Countess Bauffermont was a Belgian citizen who married a French prince and later on she acquired the French citizenship and moved to France to live with her husband.
After several years of marriage, she sought a divorce which was prohibited at that time in Belgian and French law so in order to curtail that prohibition, she acquired the Bavarian citizenship.
Afterwards, she filed for divorce in Bavaria under Bavarian law which did not prohibit divorce.
Several days after acquiring the divorce judgment, she married a Romanian prince and moved back to France with her new husband.
Her first husband filed a lawsuit to annul her second marriage because it was the result of a scheme to circumvent the French law’s prohibition against divorce.

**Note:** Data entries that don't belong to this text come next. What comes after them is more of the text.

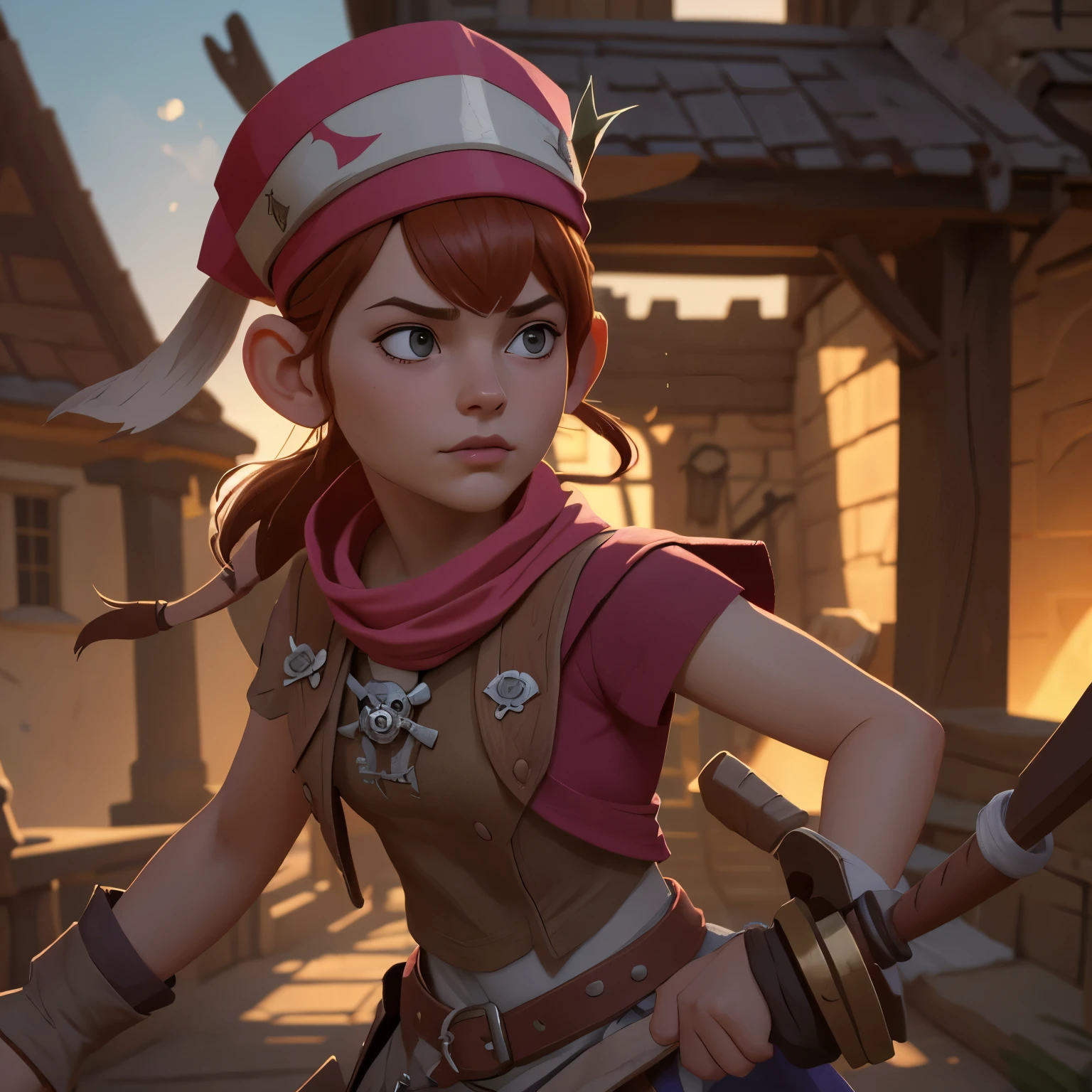 fantasy art 8k,
pmmkr2024, 10 years old girl in pirate,best quality, trending on artstation,Best quality, masterpiece, ultra-high resolution, house in the background, 8k, (Light and Shadow Effect), (Depth of Field Effect).pirate outfit,red bandana,pirate sword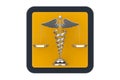 Silver Medical Caduceus Symbol in form of Scales as Touchpoint Web Icon Button. 3d Rendering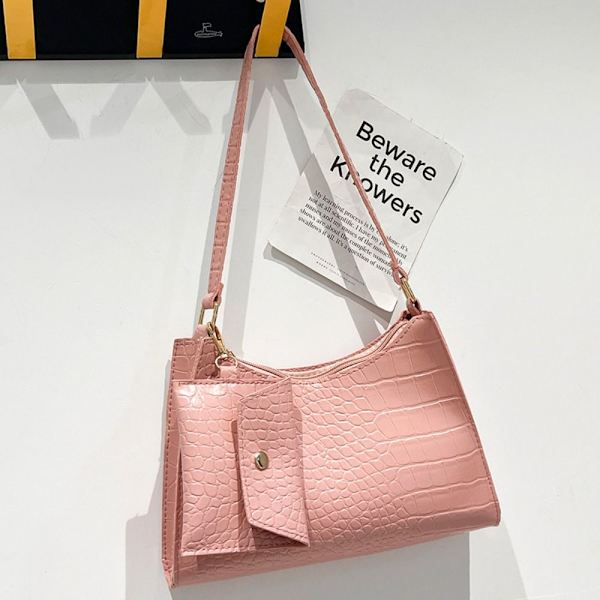 Crocodile Pattern Olkalaukku PU-nahkainen Crossbody-laukku PINK pink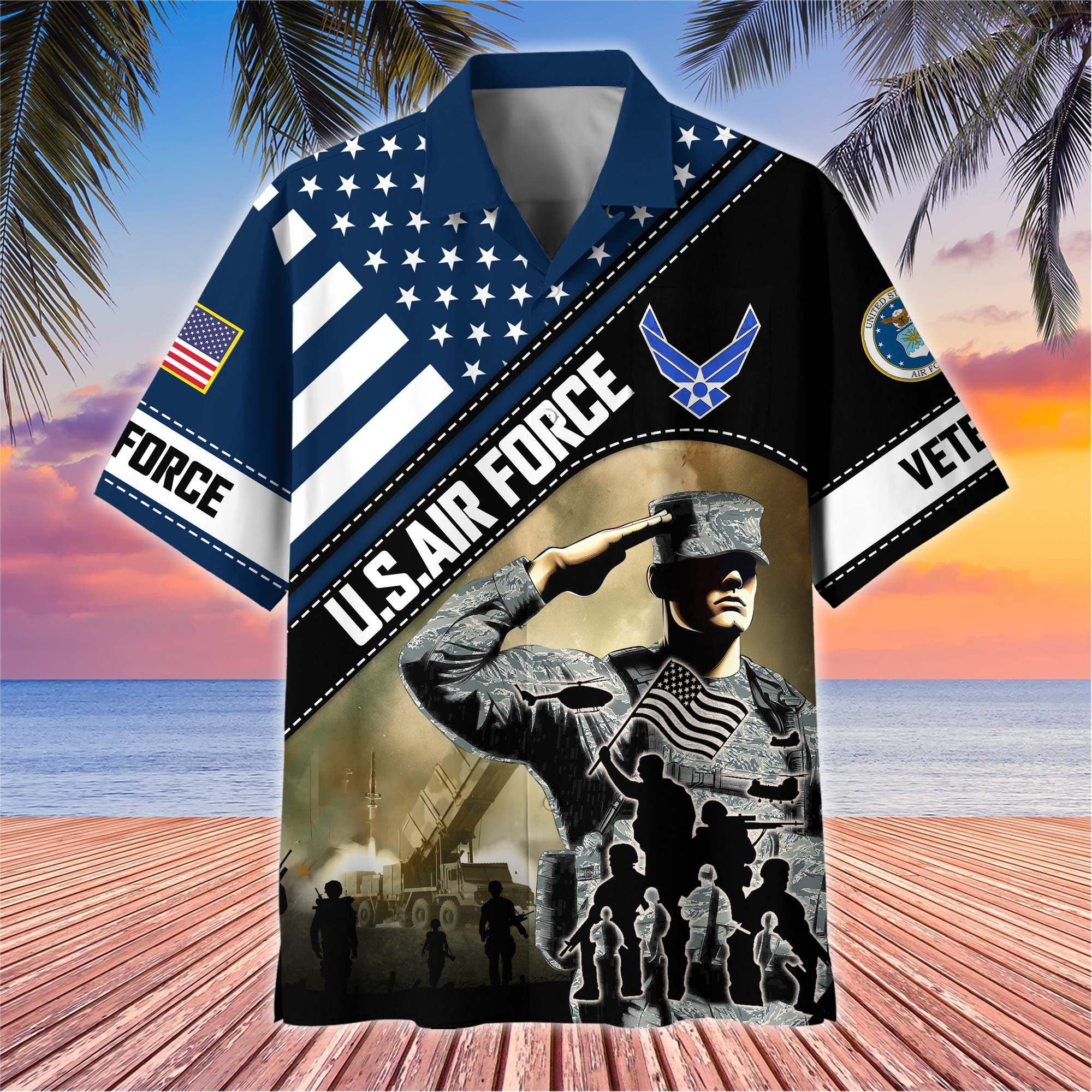 Premium US Veterans Hawaiian Shirt, Gifts For US Veterans, Gifts On Father's Day, Armed Forces Day, Veterans Day.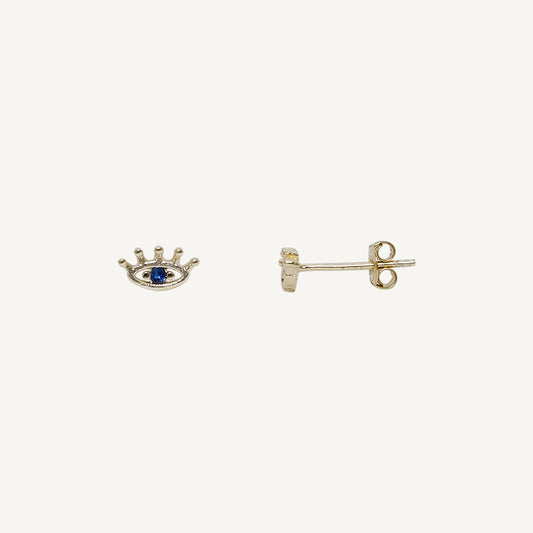 The Tiny Evil Eye Earrings in Solid Gold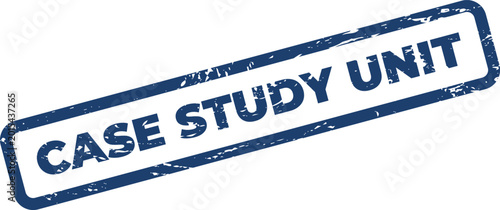 Fotografie Grungy blue rubber stamp identifying a specific case study unit or departmental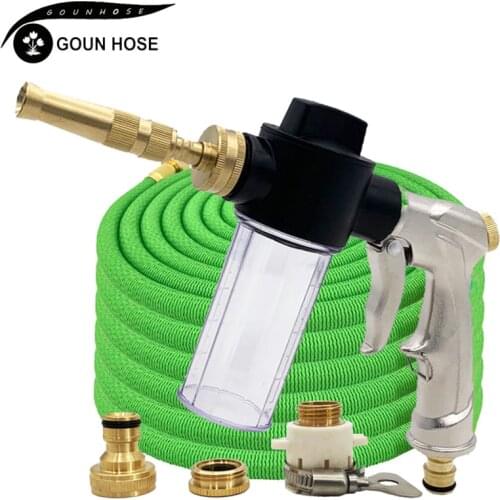New Telescopic Hose Water Gun Light And Wear-Resistant Magic Watering Hose High Pressure Water Gun Car Wash Foam Water Gun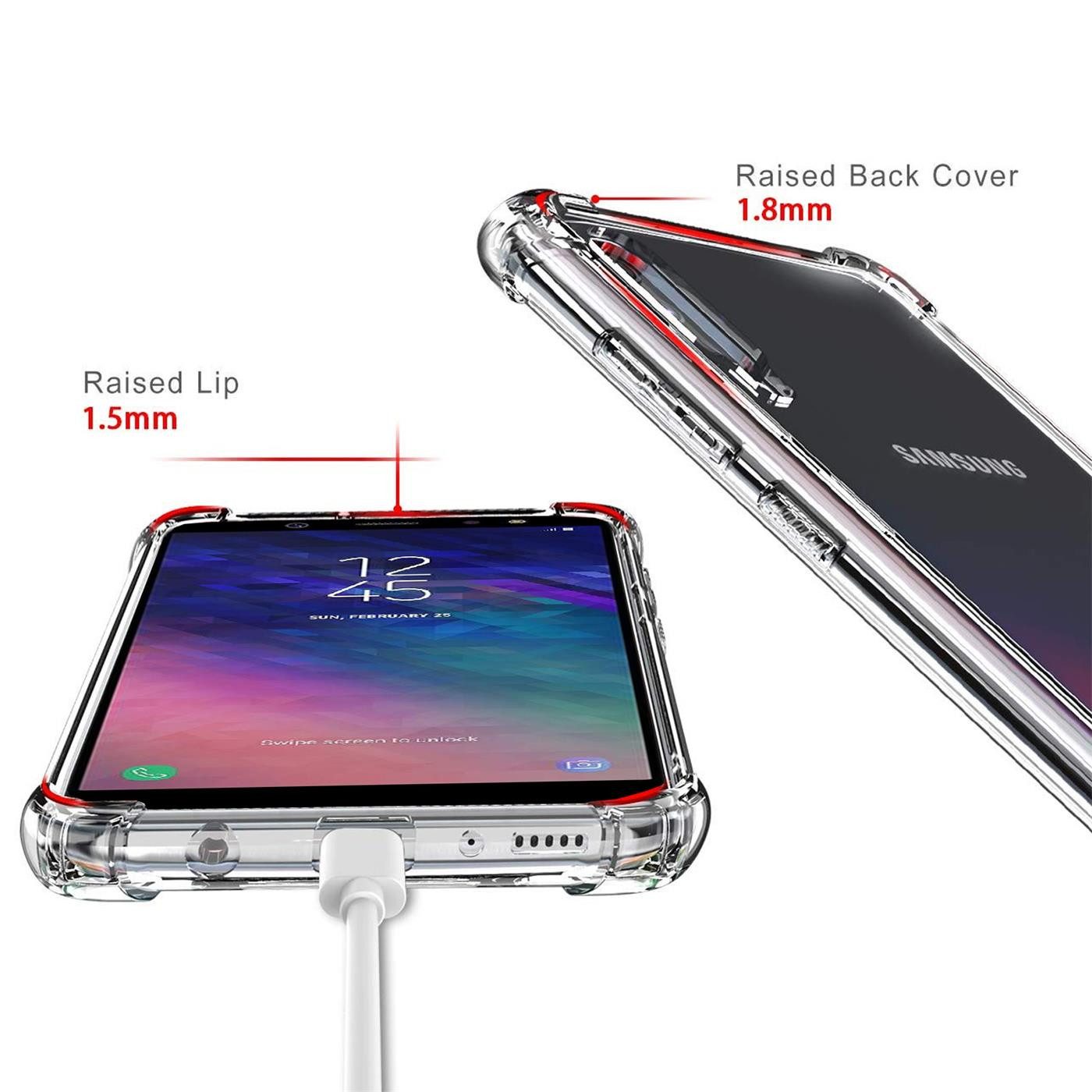 CoolGadget Handyhülle Transparent als 2in1 Schutz Cover Set für das Samsung Galaxy A6 5,6 Zoll, 2x 9H Glas Display Schutz Folie + 1x TPU Case Hülle für Galaxy A6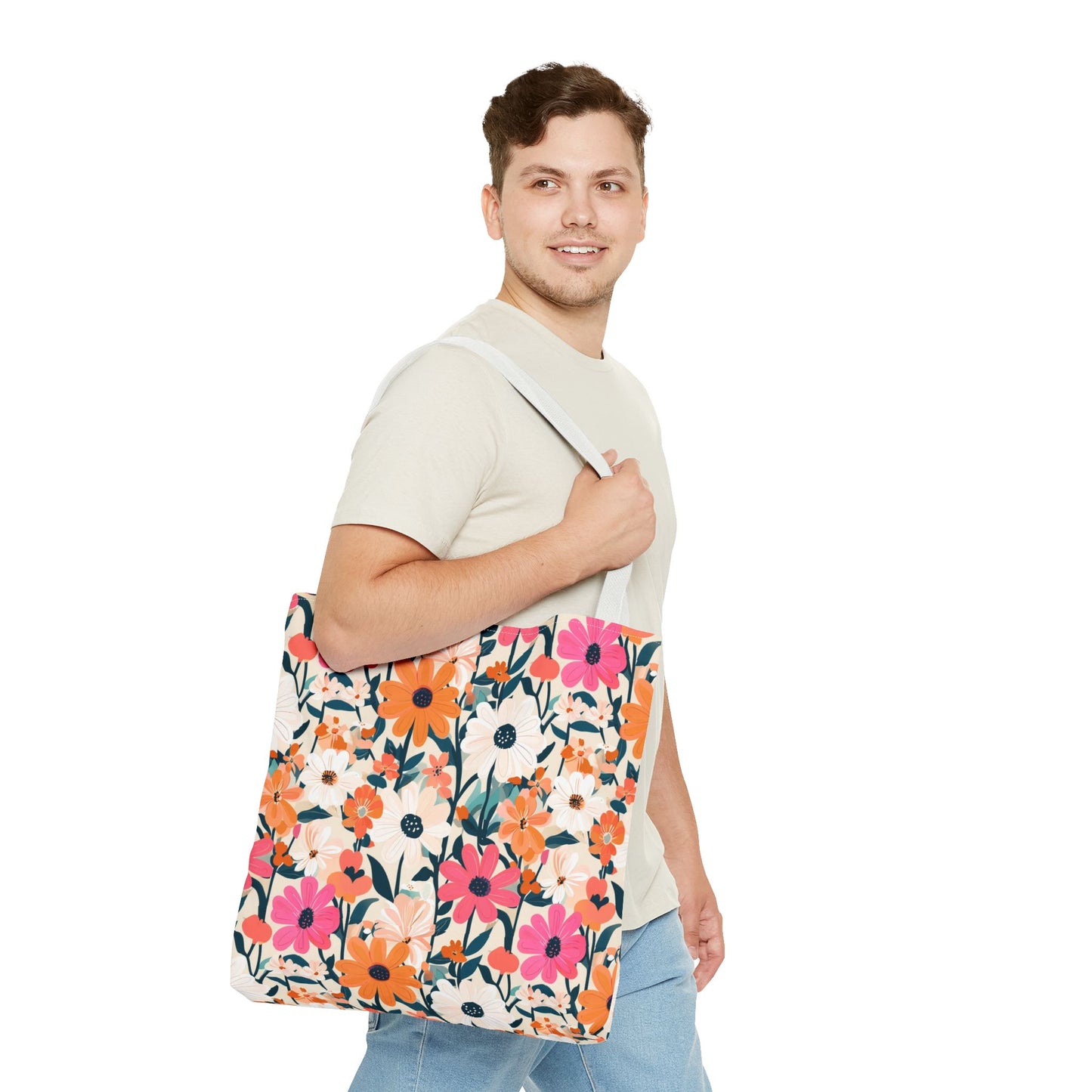 Vibrant Floral Tote Bag - Eco-Friendly Blooming Carryall for Everyday Use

The divorce was annulled by the French Cassation Court.
Fraud upon law has two elements:
Subjective element and Objective element
To manipulate the choice of law rule by creating a voluntary change in the connecting factor to create an artificial choice of law rule situation that did not exist prior to the above change. (The intention to commit fraud)
Any act through which a party tries to manipulate the selection of the law as a part of fraudulent scheme to harm others can be met with the fraud upon law defense.
The fraud upon law is not applicable to all choice of law situations. This defense does not operate when the parties breach the applicable law while attempting to manipulate the connecting factor.
The fraud upon law is not directed against the content of the foreign law but against the fraudulent use of the foreign law.